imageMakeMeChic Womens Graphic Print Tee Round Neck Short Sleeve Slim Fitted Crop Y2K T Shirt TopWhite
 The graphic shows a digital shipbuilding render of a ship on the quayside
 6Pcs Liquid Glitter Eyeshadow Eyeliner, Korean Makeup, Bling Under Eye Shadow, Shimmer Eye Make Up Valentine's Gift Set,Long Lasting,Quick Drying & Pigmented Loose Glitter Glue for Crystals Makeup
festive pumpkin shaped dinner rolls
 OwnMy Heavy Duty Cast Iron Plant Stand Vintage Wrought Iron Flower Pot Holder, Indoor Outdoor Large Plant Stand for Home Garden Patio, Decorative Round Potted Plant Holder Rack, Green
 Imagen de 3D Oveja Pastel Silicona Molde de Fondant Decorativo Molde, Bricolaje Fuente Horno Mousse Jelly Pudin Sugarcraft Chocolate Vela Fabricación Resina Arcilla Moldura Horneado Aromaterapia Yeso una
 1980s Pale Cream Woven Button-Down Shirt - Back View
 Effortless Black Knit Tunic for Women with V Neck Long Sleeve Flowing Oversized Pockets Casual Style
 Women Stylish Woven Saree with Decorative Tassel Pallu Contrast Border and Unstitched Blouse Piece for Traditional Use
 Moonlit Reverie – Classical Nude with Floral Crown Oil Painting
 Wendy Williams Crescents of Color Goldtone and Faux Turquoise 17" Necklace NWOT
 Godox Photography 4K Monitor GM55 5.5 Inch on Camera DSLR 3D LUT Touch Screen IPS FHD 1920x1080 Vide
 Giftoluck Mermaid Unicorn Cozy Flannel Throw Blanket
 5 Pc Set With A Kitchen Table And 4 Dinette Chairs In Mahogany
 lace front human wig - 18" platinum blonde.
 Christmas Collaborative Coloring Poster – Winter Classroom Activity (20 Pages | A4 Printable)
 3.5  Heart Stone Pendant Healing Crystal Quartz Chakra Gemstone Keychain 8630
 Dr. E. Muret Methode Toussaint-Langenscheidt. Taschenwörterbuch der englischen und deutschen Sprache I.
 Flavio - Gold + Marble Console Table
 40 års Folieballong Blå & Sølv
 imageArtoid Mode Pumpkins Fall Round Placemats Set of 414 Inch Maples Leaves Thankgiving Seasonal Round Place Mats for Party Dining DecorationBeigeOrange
--
Among the lines of the preceding data, which ones hold the word "Shirt"? List them.

imageMakeMeChic Womens Graphic Print Tee Round Neck Short Sleeve Slim Fitted Crop Y2K T Shirt TopWhite
 1980s Pale Cream Woven Button-Down Shirt - Back View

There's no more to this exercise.